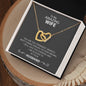 My Wife | You are amazing - Interlocking Hearts necklace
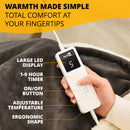 Electric Heated Throw – Soft Sherpa & Fleece Blanket for Everyday Comfort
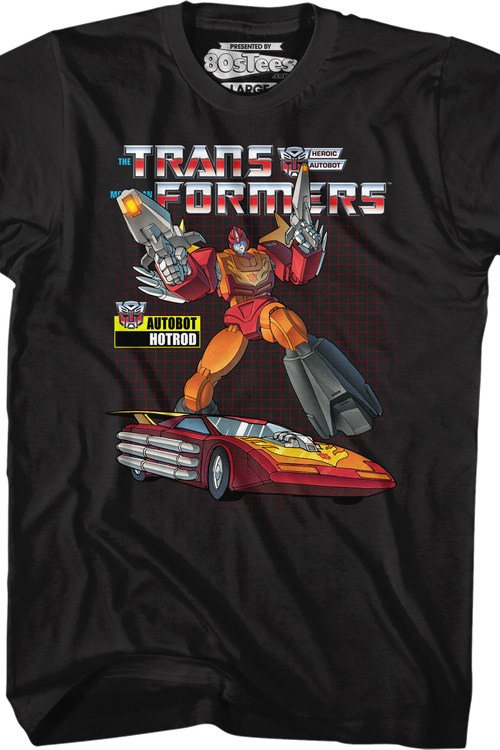 Retro Hot Rod Transformers T-Shirtmain product image
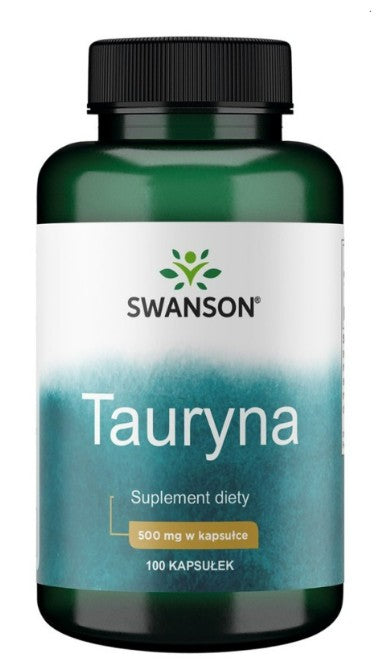Swanson tauriin, 500 mg – 100 kapslit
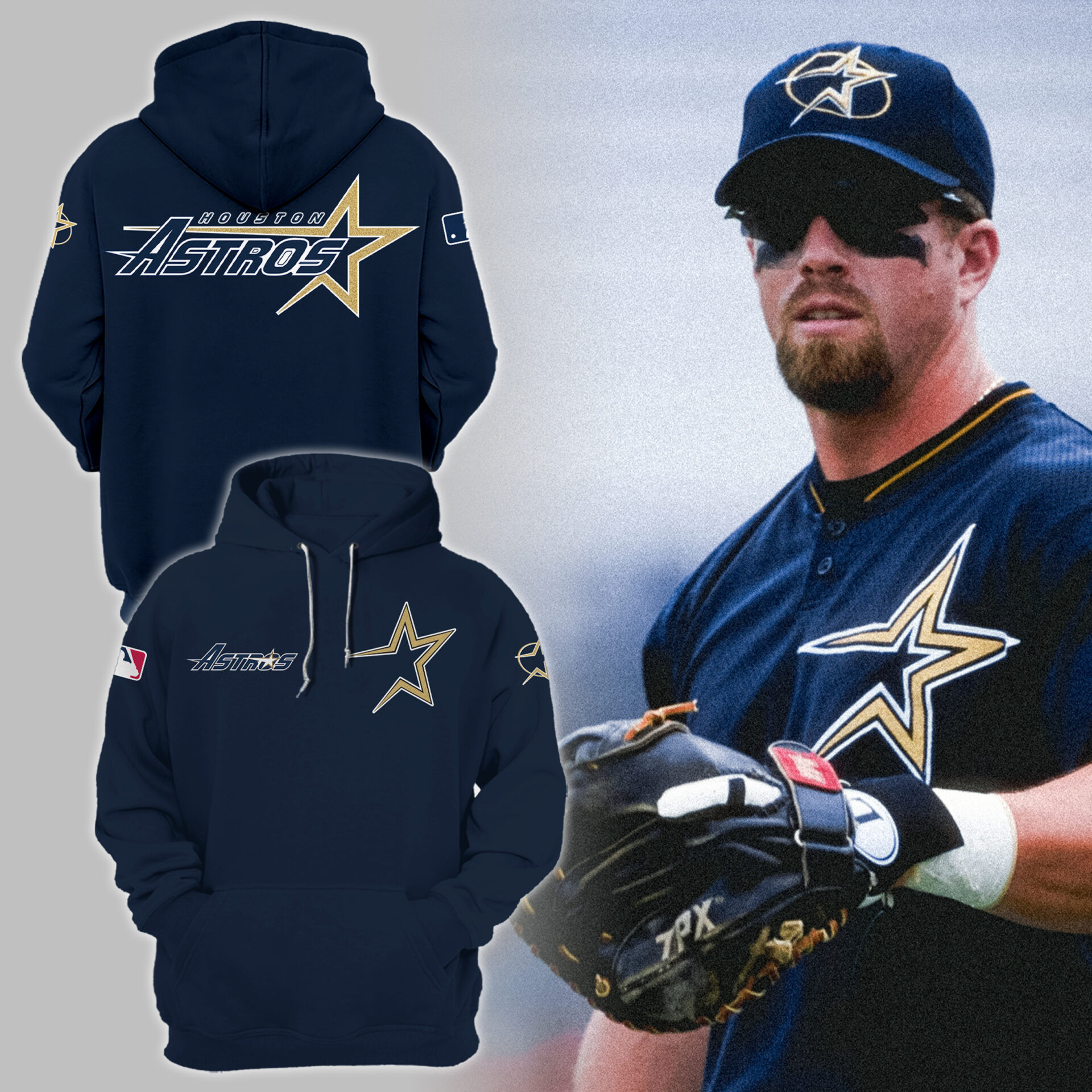 Mlb Throwback 1999 Majestic Navy Hoodie Gift For Astros Lovers
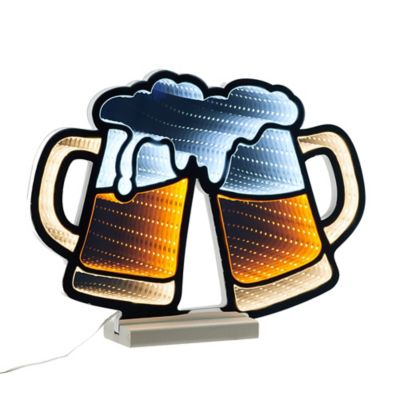 Melrose International Beer Mugs Ekkolight 15.5 in. L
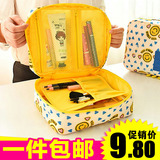 旅行洗漱包防水化妆包袋可爱小号女士韩国便携化妆品收纳包大容量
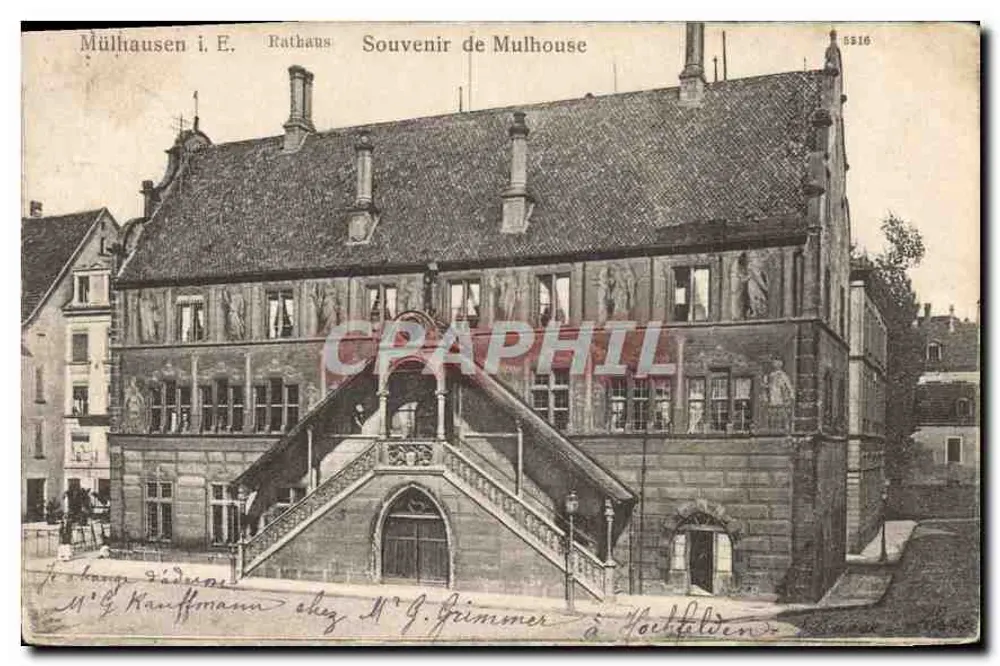 ムルハウゼ市庁舎 — ムルハウゼの記念 — 著者 M. G. Grimmer & Fils, 番号 5516 - 表面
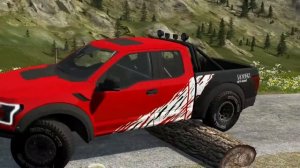 Тачки и лежачий полицейский против дерева - BeamNG Drive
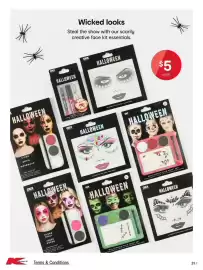 Kmart catalogue Page 29: OXX Halloween face paint set €5,00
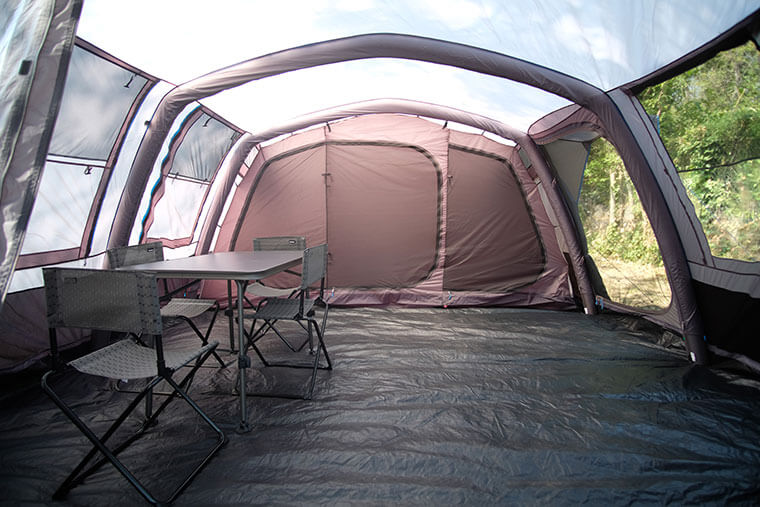 interieur tente camping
.....
Required action: Output exactly, and only, the lines running from the line containing "Kmart catalogue Page" to the last line of the entries above, omitting the pictures.

Answer space:
 Kmart catalogue Page 29: OXX Halloween face paint set €5,00
 interieur tente camping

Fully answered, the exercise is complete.